In contrast to Palestrina's exquisite control of counterpoint, Byrd  pushes the counterpoint toward its limits, just a bit, and just enough. His works have an English sensibility;  Terry Waite, former special envoy of the Archbishop of Canterbury, used a term in reference to the ethos of the Anglican church, which, I think, describes the sound-world of Byrd's masses: "passionate coolness."


The bit that always grabs me is in the third movement, the Credo, near the end. Up until this point, the Credo moves along in Byrdian counterpoint, ends of phrases overlapping the beginnings of the next, the shapes of the phrases painting pictures with the words (an ascending-scale theme for "ascendit de coeli" for instance). Sometimes the Credos seem almost jaunty. 


And then, wham! Et in unam sanctam cathólicam et apostólicam Ecclésiam, set in block chords, huge vertical columns of sound, everyone singing the same words simultaneously, and from their guts. It is hair-raising. 


Byrd was a recusant, a Catholic in protestant 16th-century England. He was able to practice his faith and publish his music because the authorities chose to look the other way. The Protestant/Catholic thing in that time and place might be compared to the Sunni/Shiite divide in Iraq today. You can get away with being on the wrong side of the religious divide if a) you don't practice your faith openly, b) your name doesn't give you away, and c) your friends/enemies/associates either don't know or don't care enough to rat you out. The point is, remaining Catholic cost Byrd something. Sure, he was a respected composer, a successful business man (he and his Protestant partner Thomas Tallis had the royal monopoly to print music paper!). But we know that anytime you have to hide an essential aspect of your being, it costs you. 

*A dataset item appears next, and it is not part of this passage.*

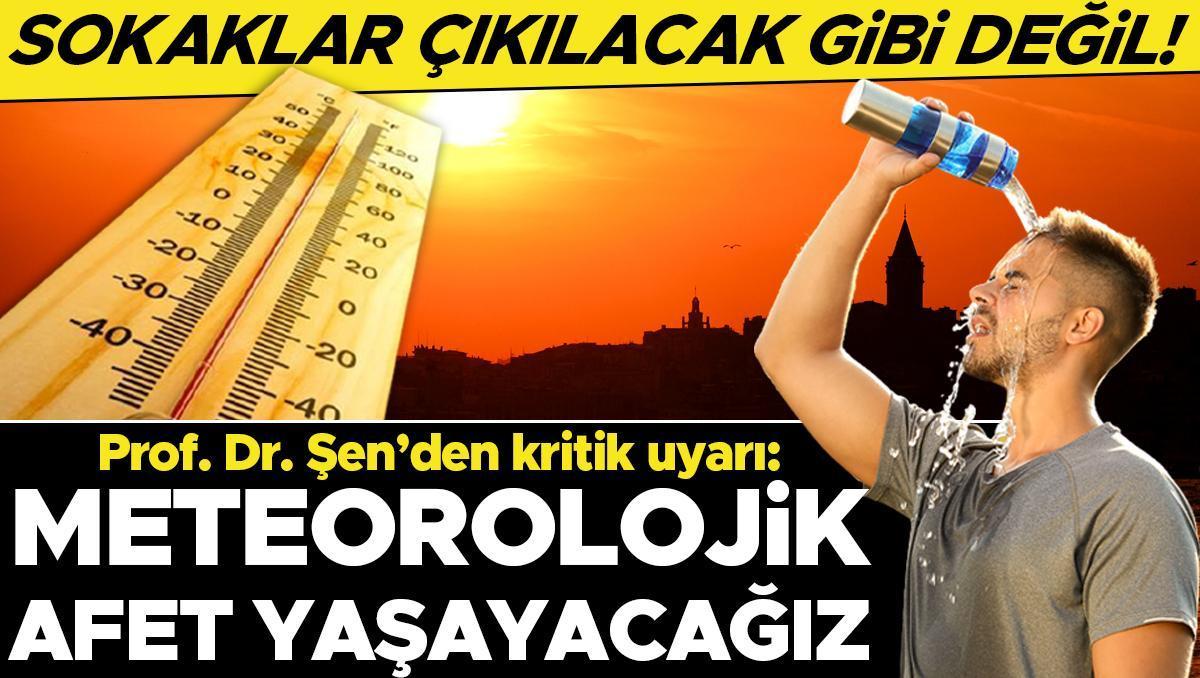 Aşırı sıcak alarmı! Prof. Dr. Orhan Şen’den kritik uyarı: Türkiye, Meteorolojik afet yaşayacak – Hürriyet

"And in one holy, catholic, and apostolic church;" as Byrd sets it, it almost has the punch of the Shema sung by European Jews in the face of their Nazi captors.


Well, I suppose it's not life or death, but the long goodbye endured by the Anglican Communion, especially with this week's events in Jerusalem, causes me to join in singing, defiantly, hopefully, longingly, Et in unam sanctam cathólicam et apostólicam Ecclésiam.